Pero el joven de 23 años mostró un hambre temprana para sobresalir en la banca. Su primer entrenamiento preparó el terreno de su éxito. Ganó experiencia práctica como analista de crédito, pero también se convirtió en un networker consumado, y las relaciones corporativas del banco le garantizaron un asiento en las juntas de consejo a lo largo de toda España.

Botín tuvo que esperar hasta cumplir 52 años para terminar con su aprendizaje y reemplazar a su padre como presidente del banco en 1986.

Murió a un mes de cumplir 80 años, pero se quedó a tres años de lograr su objetivo personal de dirigir Santander, el banco que construyó de una financiera mediana local a uno de los más grandes del mundo. Sus amigos dicen que siempre tenía en mente dirigir el banco al menos durante tanto tiempo como lo hizo su padre, quien a los 83 años le entregó el mando.

Durante sus 28 años a cargo de Santander, él navegó a través de dos desastres económicos significativos: la crisis bancaria española de la década de los 70 y más recientemente el crack de 2008 y la agitación que le siguió en la eurozona.
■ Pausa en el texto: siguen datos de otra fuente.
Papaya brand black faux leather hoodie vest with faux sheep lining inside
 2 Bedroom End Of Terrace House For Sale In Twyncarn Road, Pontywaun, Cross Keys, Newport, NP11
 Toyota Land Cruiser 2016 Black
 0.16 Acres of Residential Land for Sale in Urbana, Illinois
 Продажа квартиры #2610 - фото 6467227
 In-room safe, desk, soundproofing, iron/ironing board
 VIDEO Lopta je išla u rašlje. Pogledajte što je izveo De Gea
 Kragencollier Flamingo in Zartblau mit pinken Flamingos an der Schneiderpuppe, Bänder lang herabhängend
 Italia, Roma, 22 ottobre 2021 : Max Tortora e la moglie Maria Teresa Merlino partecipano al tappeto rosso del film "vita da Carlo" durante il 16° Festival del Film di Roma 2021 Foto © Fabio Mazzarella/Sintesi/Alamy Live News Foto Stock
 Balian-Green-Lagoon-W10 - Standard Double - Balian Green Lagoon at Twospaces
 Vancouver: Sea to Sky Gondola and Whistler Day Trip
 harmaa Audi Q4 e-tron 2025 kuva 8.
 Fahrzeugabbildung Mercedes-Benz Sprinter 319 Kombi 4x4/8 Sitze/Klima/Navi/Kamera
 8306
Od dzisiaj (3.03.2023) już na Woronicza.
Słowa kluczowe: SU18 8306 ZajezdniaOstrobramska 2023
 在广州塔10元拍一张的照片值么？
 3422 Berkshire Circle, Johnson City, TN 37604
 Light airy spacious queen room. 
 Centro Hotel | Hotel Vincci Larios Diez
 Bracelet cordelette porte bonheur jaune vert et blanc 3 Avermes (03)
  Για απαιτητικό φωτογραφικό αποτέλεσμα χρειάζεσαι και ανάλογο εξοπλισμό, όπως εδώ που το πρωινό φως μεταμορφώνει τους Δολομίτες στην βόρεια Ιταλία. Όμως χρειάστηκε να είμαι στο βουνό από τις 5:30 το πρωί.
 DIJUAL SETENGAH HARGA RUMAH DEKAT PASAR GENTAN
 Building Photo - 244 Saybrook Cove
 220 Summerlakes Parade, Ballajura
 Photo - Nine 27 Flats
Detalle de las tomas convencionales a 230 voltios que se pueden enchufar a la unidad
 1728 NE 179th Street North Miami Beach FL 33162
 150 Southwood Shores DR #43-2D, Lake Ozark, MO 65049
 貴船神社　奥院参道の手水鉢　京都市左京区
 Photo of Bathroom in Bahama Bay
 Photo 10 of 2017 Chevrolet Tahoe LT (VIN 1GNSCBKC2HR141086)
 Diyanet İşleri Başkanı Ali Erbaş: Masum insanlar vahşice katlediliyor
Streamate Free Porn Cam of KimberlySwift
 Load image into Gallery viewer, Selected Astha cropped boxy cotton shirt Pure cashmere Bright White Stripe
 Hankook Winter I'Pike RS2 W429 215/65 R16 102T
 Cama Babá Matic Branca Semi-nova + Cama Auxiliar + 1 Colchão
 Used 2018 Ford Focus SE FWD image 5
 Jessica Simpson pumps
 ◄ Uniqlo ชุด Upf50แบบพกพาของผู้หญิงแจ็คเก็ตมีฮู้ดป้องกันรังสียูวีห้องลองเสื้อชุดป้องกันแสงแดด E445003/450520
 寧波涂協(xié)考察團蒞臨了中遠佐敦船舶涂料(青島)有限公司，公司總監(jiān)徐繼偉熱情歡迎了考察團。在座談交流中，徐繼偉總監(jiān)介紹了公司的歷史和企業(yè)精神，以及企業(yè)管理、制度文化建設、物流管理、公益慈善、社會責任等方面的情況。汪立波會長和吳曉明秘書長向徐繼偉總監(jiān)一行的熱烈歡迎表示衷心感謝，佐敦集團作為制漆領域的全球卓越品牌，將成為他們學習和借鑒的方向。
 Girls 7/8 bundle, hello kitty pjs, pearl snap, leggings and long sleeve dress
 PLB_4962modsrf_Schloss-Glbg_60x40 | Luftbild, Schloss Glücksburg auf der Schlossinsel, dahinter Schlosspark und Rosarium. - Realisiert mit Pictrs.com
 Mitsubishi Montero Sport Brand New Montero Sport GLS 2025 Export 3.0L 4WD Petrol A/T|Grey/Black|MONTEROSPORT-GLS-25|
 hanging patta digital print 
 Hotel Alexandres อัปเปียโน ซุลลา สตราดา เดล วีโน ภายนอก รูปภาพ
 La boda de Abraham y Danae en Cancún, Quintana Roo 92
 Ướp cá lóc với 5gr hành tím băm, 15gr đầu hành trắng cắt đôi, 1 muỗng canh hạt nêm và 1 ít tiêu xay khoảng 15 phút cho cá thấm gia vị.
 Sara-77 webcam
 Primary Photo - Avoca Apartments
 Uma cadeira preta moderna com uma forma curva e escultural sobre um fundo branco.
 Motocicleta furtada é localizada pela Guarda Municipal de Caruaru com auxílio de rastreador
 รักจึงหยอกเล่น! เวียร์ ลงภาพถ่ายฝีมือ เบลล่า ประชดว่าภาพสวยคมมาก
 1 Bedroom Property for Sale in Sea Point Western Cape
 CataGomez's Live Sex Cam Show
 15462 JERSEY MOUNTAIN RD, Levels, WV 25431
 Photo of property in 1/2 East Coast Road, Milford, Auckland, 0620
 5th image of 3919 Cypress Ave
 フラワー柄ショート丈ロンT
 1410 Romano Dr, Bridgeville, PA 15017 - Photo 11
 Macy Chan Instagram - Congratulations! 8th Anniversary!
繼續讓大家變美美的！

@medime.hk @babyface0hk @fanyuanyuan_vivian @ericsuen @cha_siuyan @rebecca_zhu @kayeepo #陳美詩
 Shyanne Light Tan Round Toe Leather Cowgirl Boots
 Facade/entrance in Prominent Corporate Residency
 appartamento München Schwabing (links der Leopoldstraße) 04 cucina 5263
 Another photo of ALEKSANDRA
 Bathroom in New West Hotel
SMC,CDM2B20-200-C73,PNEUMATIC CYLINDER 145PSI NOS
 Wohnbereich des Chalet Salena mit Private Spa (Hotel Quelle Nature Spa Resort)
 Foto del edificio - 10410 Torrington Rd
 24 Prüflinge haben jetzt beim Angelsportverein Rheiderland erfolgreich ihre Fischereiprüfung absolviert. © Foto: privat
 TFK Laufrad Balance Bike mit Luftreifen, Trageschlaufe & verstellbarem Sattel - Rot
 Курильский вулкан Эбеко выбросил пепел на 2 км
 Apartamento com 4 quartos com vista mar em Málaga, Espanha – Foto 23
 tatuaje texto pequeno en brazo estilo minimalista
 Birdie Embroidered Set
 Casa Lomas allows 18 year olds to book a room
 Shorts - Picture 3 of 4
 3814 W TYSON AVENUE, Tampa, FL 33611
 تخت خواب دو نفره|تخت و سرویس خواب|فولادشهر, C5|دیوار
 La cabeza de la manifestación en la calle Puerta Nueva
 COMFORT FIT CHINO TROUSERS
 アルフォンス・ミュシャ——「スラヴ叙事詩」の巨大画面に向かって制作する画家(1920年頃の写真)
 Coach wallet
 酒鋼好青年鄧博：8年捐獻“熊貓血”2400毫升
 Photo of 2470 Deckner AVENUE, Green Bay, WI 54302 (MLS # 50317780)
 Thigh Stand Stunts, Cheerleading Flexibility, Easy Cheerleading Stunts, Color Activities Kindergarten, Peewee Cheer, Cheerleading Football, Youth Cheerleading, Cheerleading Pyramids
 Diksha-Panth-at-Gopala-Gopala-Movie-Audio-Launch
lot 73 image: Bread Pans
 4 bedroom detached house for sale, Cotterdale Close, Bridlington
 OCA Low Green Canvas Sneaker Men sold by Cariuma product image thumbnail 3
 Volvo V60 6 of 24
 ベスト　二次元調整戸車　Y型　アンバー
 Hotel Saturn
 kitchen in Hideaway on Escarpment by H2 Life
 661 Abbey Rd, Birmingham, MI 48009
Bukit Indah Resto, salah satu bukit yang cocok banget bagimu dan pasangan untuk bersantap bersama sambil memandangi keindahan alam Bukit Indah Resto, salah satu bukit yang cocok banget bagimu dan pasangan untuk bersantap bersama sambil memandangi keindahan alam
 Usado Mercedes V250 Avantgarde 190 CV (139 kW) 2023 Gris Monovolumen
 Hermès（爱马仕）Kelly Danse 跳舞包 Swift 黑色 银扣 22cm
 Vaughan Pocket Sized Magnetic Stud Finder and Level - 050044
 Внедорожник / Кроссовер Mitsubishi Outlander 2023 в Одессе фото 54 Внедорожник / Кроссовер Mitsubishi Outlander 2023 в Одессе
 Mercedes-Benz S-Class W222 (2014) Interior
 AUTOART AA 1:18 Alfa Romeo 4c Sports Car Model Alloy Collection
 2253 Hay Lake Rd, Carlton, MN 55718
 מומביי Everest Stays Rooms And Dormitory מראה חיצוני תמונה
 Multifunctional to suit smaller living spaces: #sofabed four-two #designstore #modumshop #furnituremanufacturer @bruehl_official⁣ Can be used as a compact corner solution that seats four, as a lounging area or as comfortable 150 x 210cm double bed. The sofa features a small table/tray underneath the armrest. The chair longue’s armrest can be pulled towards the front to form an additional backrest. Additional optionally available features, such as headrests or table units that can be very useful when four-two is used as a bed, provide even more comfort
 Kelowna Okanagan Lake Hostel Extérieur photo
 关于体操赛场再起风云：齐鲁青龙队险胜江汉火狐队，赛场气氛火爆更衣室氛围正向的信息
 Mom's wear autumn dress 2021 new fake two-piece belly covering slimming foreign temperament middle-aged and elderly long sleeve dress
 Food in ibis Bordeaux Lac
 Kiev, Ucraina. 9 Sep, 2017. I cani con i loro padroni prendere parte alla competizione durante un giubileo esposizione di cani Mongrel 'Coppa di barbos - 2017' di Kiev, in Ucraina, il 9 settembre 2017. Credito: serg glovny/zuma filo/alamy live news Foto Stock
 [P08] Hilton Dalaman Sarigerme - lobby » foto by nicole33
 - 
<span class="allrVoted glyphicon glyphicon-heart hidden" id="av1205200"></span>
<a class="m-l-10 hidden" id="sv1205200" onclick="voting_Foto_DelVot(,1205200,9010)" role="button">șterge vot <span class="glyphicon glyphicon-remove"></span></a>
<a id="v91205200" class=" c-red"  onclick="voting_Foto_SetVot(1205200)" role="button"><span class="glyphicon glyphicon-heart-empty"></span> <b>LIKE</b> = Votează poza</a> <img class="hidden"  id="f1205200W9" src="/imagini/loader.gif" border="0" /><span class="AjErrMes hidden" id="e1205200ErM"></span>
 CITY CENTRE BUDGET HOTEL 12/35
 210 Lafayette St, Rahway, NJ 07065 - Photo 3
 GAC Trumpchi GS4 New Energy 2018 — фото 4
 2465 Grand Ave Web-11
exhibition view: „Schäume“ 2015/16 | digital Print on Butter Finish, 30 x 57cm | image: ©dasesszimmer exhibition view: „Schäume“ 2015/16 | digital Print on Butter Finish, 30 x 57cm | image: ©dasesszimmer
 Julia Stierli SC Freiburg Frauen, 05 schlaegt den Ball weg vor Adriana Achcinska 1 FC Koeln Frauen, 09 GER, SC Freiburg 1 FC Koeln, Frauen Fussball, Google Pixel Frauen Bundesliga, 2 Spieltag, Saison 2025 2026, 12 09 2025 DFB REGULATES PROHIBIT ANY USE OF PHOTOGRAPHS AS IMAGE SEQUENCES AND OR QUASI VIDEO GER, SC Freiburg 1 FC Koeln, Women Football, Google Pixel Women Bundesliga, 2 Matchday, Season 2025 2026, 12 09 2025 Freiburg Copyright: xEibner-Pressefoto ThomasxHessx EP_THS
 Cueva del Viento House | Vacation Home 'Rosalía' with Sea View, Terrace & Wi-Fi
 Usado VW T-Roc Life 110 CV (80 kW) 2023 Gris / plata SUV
Como el práctico patriarca del banco más grande de España, Botín mantuvo largas relaciones con las empresas españolas y entre la élite política del país, así como un perfil y una mística que le aseguraron su enorme influencia.

La expansión internacional de Botín le ayudó a salvar al banco de problemas, con una cadena de astutos acuerdos llegó a todo lo largo de Latinoamérica y Europa.

La banca siempre fue la primera obsesión de Botín. Pero tenía otras: viajes de safari a Tanzania, en donde realizaba caza mayor: y la Fórmula Uno, en donde fue un aliado y amigo cercano del piloto español Fernando Alonso.

En años recientes se volvió muy consciente de su salud. Ejercitaba de manera religiosa, con caminatas de madrugada cerca de su casa en el noroeste de Madrid, y rondas de golf. También tuvo una dieta cada vez más quisquillosa, que contenía una gran cantidad de claras de huevo y fruta, reforzada con un regular flujo de Coca-Cola.